● DATA SEGMENT:
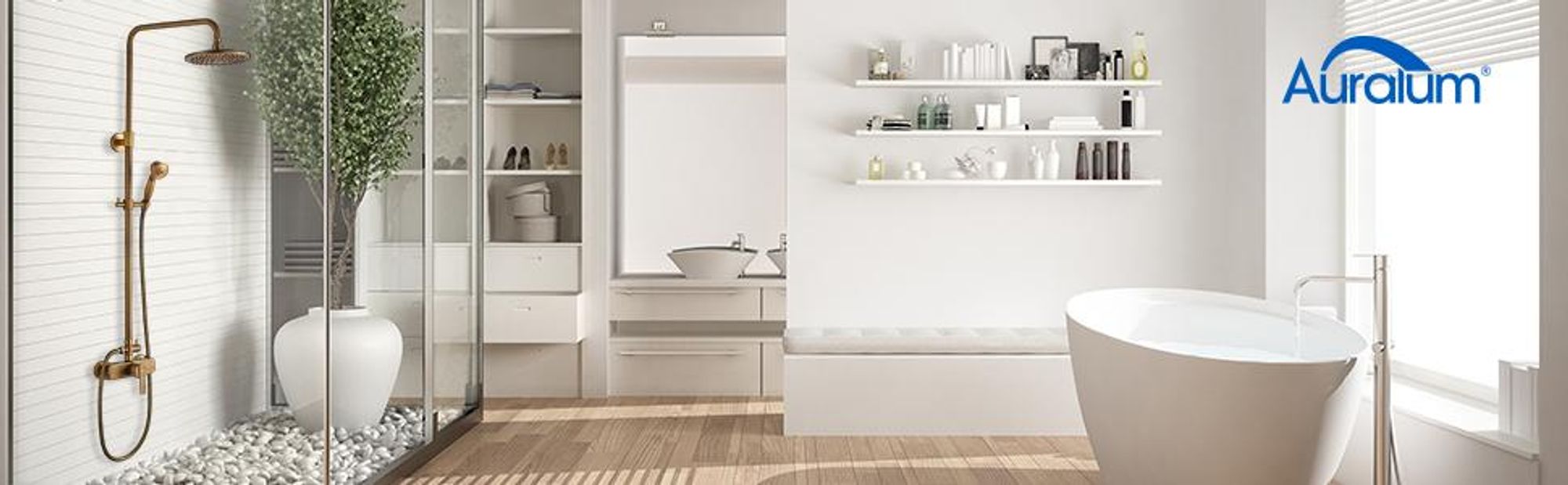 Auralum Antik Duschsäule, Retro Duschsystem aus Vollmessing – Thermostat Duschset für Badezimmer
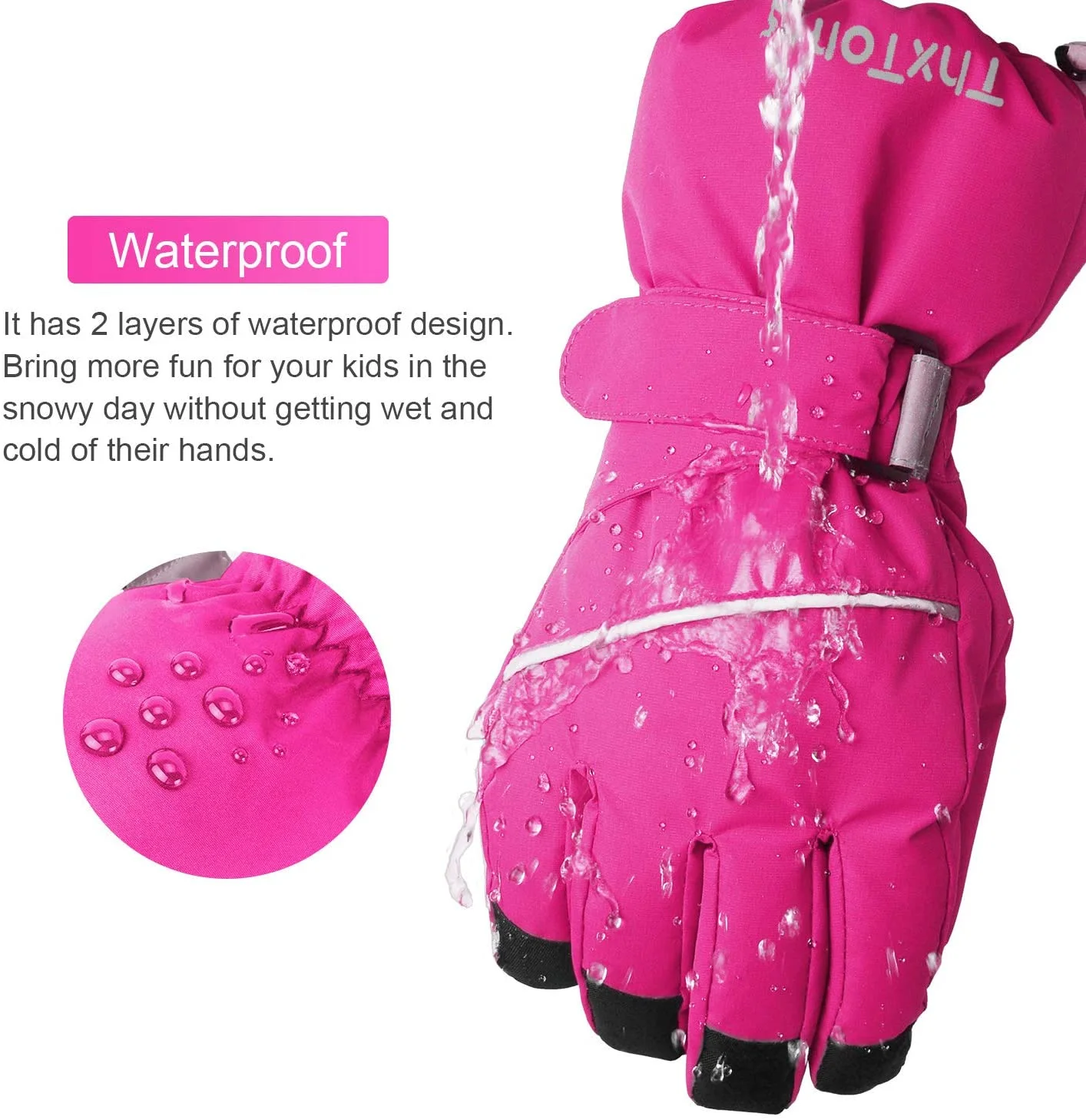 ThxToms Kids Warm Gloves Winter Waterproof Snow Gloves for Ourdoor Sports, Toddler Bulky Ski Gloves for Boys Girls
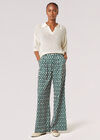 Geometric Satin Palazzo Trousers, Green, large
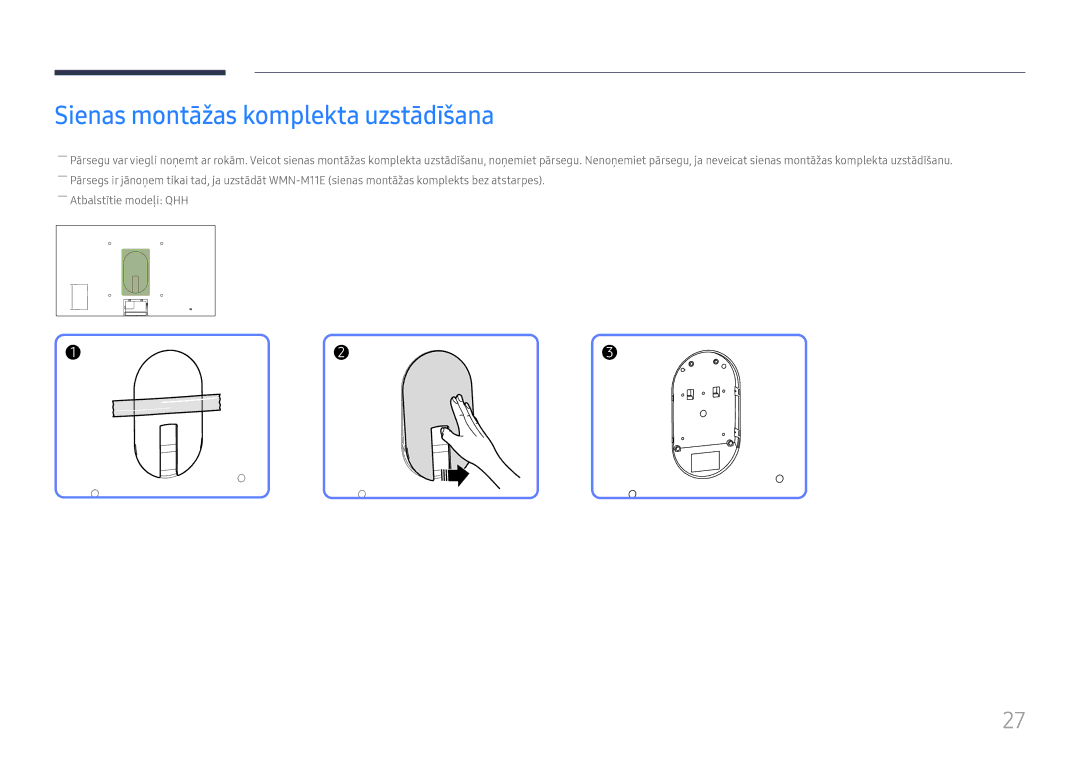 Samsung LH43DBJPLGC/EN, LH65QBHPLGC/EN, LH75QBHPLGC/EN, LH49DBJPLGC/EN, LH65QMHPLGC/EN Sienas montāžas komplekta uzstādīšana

● WHAT YOU NEED TO DO: Word for word, restate the lines from the line containing "Geometric Satin Palazzo" through the end of the data, including the first and last of them. Pictures stay out.

● WRITTEN ANSWER:
 Geometric Satin Palazzo Trousers, Green, large
 Samsung LH43DBJPLGC/EN, LH65QBHPLGC/EN, LH75QBHPLGC/EN, LH49DBJPLGC/EN, LH65QMHPLGC/EN Sienas montāžas komplekta uzstādīšana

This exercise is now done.